Critics said the prime minister's new "Network North" plan included schemes that were already under way or where funding was expected, as well as long-touted projects paused or cancelled under Sunak as chancellor or prime minister. Money due for HS2 will now be spent on road schemes frozen six months ago.
Sunak said the "facts have changed" and it was time to ditch the high-speed rail project between Birmingham and Manchester in the face of spiralling costs, insisting that the regions would benefit from equal or more spending on local transport projects under the new plan.
Sunak confirmed that, contrary to some fears, the HS2 line would continue into central London, but ending at a scaled-down Euston station.
He promised £9.6bn would be reinvested in the Midlands, including the Midlands Rail Hub project and an extra £1bn in funding for the West Midlands city region - whose Conservative mayor, Andy Street, had earlier indicated he might quit if HS2 was cut back.

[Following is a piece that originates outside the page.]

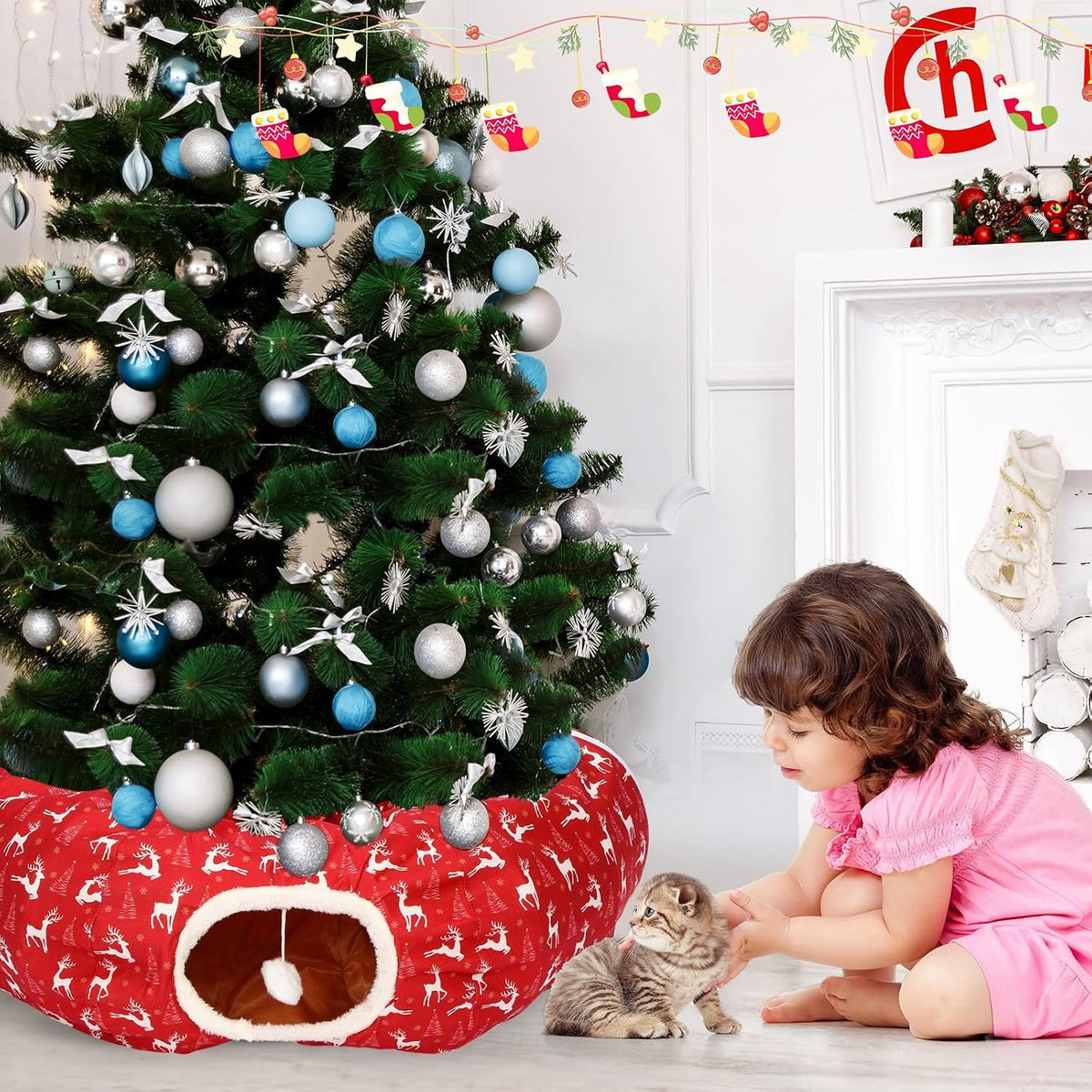 Cat Tunnel Christmas Tree Skirt Cat Bed Indoor 3 ft x 3 ft x 10 Inch Kitten Donut Tunnel with Ball Peekaboo Cave Pet Bed Round Hideaway Holiday Cave Circle Pets Gift(Elk)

About £3bn of the £19.8bn for the north from scrapping the second phases of HS2 would be spent on electrifying rail lines, with £2bn going on a new station and Manchester rail link in Bradford, and £2.5bn for West Yorkshire including the Leeds tram.
He pledged an additional £12bn funding to allow rail links to still be built between Manchester and Liverpool - part of the scrapped HS2 plan - which would allow a Northern Powerhouse Rail to go ahead, but said the government would ask local leaders if that was how they wished to spend the money.